¿Está preocupado ante la falta de respuesta del Estado argentino?

–Es un caso en el cual uno tiene que ser cauto porque estamos viendo la situación de derechos de una persona pero en el fondo sabemos que es un caso que tiene una relevancia política en la complejas relaciones entre gobierno y oposición. Es un caso muy politizado en el debate. Sabiendo eso, tenemos que hacer abstracción y preocuparnos por el tema concreto del riesgo de la persona sin emitir un juicio de valor sobre su conducta. Ahora, creo que la dificultad que tiene el caso –y por eso está llegando a medidas provisionales ante la Corte– es que nos relacionamos oficialmente con el gobierno nacional de Argentina, con las autoridades de sus ministerios, de relaciones Exteriores, de Justicia, de Derechos Humanos. Y nuestra relación es muy fluida. El problema es que es el cumplimiento está en manos de autoridades judiciales provinciales. Uno comprende, tiene que comprender –y no sólo pasa en Argentina–, cuando un gobierno dice: ‘Oiga soy Poder Ejecutivo, pero no puedo ordenar a un juez provincial que haga tal cosa’. Eso genera un poco de impotencia. Y lo que ya hemos conversado: acá estamos hablando de una decisión de la CIDH que tiene que ser cumplida y de los derechos de una persona que tienen que ser protegidos, si esto pasa por demasiados vericuetos locales, provinciales o políticos, tenemos que ponernos más allá. Si nosotros no podemos hacer más en este asunto, pues que lo haga otro. En este caso, una entidad que también es parte del sistema interamericano, que tiene importancia y es la Corte.

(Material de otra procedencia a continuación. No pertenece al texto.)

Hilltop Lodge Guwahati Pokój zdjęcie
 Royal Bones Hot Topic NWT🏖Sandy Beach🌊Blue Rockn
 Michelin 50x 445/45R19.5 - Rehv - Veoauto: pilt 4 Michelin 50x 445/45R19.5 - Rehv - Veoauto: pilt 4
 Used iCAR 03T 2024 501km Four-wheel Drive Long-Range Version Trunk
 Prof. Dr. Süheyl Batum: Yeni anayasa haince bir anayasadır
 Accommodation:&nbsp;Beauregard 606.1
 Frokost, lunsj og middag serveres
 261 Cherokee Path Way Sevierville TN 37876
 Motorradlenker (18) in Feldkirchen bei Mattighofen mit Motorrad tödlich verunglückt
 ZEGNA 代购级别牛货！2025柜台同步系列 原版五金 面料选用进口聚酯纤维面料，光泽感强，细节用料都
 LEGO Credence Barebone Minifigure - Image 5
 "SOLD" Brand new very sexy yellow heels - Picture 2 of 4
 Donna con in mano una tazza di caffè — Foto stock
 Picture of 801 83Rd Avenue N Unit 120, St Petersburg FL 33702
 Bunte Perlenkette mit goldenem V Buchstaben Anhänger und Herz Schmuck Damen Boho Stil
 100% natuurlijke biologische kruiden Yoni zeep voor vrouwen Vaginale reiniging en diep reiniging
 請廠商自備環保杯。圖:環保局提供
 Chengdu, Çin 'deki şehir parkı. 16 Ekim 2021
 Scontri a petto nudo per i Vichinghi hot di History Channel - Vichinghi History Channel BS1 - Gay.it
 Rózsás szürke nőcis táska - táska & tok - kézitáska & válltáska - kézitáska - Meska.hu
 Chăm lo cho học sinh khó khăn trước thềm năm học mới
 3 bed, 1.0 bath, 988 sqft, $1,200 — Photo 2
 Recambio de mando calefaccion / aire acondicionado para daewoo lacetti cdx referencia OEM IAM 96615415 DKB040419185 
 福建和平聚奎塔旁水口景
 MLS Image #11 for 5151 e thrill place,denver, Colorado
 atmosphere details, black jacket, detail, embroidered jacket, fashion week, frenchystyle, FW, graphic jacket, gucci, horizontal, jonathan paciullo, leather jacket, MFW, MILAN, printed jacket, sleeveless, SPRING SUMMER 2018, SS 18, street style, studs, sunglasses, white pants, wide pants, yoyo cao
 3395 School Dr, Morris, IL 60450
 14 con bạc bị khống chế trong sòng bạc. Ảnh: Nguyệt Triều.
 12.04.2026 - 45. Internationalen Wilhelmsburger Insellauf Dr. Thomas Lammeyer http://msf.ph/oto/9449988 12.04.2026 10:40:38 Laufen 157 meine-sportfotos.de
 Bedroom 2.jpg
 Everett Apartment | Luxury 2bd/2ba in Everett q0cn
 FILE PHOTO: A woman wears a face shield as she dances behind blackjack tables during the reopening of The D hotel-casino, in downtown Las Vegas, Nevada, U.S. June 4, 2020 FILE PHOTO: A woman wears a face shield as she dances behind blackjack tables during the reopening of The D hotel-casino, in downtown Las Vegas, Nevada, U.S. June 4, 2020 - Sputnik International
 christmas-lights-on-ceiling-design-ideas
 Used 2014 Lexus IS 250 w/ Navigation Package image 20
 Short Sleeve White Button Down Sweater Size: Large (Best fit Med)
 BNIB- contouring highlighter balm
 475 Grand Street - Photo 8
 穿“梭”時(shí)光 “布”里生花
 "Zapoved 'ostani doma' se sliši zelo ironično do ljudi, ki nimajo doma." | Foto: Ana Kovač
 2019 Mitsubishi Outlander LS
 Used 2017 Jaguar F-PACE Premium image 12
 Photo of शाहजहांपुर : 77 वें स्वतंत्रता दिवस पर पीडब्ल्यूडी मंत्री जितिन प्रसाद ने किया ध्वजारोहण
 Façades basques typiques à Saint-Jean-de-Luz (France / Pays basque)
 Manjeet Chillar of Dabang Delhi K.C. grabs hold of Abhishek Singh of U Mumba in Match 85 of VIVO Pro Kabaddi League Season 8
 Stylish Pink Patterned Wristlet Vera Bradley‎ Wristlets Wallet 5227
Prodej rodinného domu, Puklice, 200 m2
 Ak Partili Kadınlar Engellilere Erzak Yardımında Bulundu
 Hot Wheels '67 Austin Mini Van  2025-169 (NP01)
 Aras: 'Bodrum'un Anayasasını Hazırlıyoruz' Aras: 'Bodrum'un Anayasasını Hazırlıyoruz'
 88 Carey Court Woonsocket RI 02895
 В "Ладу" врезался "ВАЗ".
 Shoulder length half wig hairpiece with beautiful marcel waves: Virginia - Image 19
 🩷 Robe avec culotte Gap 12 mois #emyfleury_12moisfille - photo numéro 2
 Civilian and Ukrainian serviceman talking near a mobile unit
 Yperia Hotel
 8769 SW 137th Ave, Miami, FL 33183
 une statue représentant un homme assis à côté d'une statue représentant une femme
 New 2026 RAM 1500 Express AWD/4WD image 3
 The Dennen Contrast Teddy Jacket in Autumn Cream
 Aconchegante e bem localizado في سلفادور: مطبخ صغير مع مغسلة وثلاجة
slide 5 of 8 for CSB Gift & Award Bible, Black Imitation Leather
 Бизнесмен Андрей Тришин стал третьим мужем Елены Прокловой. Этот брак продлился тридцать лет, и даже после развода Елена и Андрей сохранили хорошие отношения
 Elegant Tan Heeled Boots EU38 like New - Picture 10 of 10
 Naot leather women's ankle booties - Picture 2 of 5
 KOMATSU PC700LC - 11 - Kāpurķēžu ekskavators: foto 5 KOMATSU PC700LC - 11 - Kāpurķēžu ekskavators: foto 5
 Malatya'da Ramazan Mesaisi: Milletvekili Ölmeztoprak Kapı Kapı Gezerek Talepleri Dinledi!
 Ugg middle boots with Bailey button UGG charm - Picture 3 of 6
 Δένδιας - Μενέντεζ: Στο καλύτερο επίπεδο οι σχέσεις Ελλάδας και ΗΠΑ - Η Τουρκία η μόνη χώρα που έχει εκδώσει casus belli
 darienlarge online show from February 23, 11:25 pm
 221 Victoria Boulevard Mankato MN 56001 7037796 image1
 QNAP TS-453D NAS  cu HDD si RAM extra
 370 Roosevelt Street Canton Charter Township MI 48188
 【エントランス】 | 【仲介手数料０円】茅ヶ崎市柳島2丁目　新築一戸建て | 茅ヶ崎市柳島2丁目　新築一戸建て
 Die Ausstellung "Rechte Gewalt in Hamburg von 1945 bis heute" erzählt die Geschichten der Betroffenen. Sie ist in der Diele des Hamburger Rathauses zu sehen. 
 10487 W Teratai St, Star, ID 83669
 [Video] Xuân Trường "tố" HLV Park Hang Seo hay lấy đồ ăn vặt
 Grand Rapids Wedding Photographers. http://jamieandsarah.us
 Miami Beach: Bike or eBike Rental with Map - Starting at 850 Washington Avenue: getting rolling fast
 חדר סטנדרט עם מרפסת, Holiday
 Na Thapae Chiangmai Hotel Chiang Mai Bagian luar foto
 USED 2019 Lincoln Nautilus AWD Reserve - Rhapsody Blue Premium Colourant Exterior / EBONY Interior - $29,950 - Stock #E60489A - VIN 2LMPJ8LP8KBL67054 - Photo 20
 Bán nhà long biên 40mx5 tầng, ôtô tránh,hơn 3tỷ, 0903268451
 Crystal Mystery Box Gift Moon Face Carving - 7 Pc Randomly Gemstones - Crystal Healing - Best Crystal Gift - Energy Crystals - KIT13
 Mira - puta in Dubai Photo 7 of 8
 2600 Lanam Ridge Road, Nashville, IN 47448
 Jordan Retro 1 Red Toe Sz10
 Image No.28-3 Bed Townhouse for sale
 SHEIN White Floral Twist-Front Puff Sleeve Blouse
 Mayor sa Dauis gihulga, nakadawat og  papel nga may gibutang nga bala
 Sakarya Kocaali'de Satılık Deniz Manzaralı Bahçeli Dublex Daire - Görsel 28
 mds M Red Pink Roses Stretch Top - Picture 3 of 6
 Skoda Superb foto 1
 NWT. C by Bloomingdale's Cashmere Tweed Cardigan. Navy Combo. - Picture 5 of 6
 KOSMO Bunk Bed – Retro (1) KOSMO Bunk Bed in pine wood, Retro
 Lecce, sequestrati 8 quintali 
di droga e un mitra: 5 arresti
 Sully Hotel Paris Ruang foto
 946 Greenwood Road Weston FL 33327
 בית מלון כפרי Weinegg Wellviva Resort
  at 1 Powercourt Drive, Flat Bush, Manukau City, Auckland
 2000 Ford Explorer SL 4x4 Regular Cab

Y que, además, acababa de pronunciarse precisamente sobre un caso argentino, el caso Fontevecchia, respecto a una sentencia suya que no fue cumplida por las autoridades judiciales internas. Entonces, ¿qué mejor que la Corte? Lo nuestro fue decir de alguna manera: bueno, la relación con Argentina no puede estar monopolizada en un caso o dos. Milagro Sala y Maldonado son importantes, pero no podemos nosotros seguir en lo que es un debate político, judicial y mediático interno. Porque hay muchísimos otros campos de trabajo y muchos temas en Argentina.

–En Montevideo quedó planteada una pregunta que a mi criterio fue mal interpretada. A partir de esos dos casos, se le preguntó cómo veían el Estado de derecho argentino. La respuesta fue que Argentina no es una dictadura, como si sólo hubiese un binomio dictadura/democracia. 

–Nosotros tenemos que tener una visión institucional. Eso quiere decir que yo puedo tener mis propias opiniones en diversos asuntos, incluso en apreciaciones sobre situaciones políticas, pero el trabajo de la CIDH tiene lineamientos en el campo de los derechos humanos y cuando actuamos tenemos que ceñirnos a esas pautas. Y decisiones. Estamos hablando de decisiones adoptadas por el pleno de la Comisión, no por Francisco Eguiguren. Y yo mismo una vez adoptada la decisión, la asumo más allá de cuáles pueden ser mis matices personales. El asunto es que tenemos que tratar de mantener un equilibrio. Obviamente, desde el lado del gobierno (argentino) se considera que la Comisión tiene una especie de activismo motivado por el accionar, ahora muy dinámico, de las organizaciones de derechos humanos a quienes identifica fundamentalmente con el gobierno anterior. Y la Comisión lo que hace es atender los requerimientos en función de la propia importancia de los casos. Yo lo que dije es que a mí no me cabe la menor duda de que en Argentina hay un régimen democrático y no dictadura, porque el gobierno ha sido elegido por el pueblo.

–Eso está claro.

–Pero hay gente que piensa lo contrario. No podemos decir que un régimen democrático se pierde por los casos controversiales, podemos hablar de características políticas de un régimen y eso es un tema que deben debatir los argentinos, no la Comisión.